Tuesday, June 16, 2009
Favorite Actors, #4: Cary Grant
First Movie I Saw Him In: North By Northwest (1959; age 11 with my grandparents)
Three Favorite Movies: The Awful Truth (1937); The Philadelphia Story (1940); North By Northwest (1959)
Honorable Mention: His Girl Friday (1946)
Favorite Performance: The Awful Truth (1937)
Why I Like Him: [Cue Masterpiece Theater music] A sign that a lad is growing up is when he starts to appreciate movies where something doesn’t have to explode every second or have his ears insulted by constant gunfire only interrupted by a thick Austrian accent barely getting out a “catchy” one liner. Instead, the growing lad finds it stimulating when he can savor an actor with impeccable comic timing, a dark side when the material calls for it, and a well-attired gent with every hair on his head perfectly coiffed, as well as a wardrobe that does not consist of ragged, stained logo t-shirts and jeans. No, the maturation process begins with appreciating an actor with splendid sophistication and an appeal to women and an effortless charm and suavity. He’s also the template for any man to emulate. My dear boy, welcome to Cary Grant.
Cary Grant is another actor I’ve scrawled on and on about in these pages, so I won’t repeat what I’ve already posted. I use the name of one of his characters in one of his many, many great films. I’m sure there were dozens of leading men who should’ve sent Cary a case of his favorite liquor every year for the many roles that Cary didn’t accept—with the exception of a slow start in the early 1950s, Grant’s body of work is among the most impressive careers in the history of film. Once he got his start with 1937’s The Awful Truth, the Grant screen image was set. Here was a dashing, handsome, yet funny guy who wasn’t afraid to fall down for a gag and get that great head of hair disheveled. He’d play second fiddle to a wire-haired Terrier named Mr. Smith or George, be made a fool of by a screwball heiress. Here was a leading man who didn’t seem to take himself all that seriously on screen.
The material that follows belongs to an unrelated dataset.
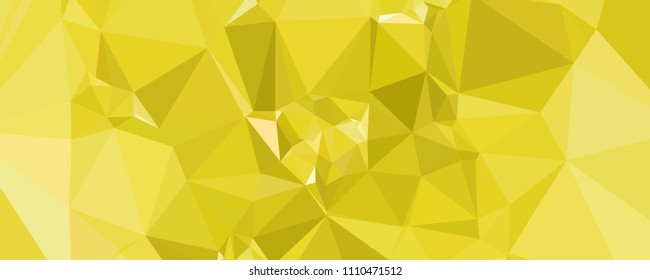 Horizontal banner for  web pages, presentations layouts, covers, title backgrounds, letterheads. Abstract multicolor mosaic backdrop. Geometric low polygonal background. Vector clip art.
But Grant could dangle on the darker end of the spectrum, too. He'd break down in tears and beg to keep his child or twist himself up emotionally over a love affair. Grant’s approach was unique and still modern. You could reach the moon climbing the also-rans who were labeled “The Next Cary Grant.” (The latest rung on that ladder is named Clooney).
Random Info: Was the opposite of his worldly, sophisticated screen image. Grant preferred pub food and casual clothes.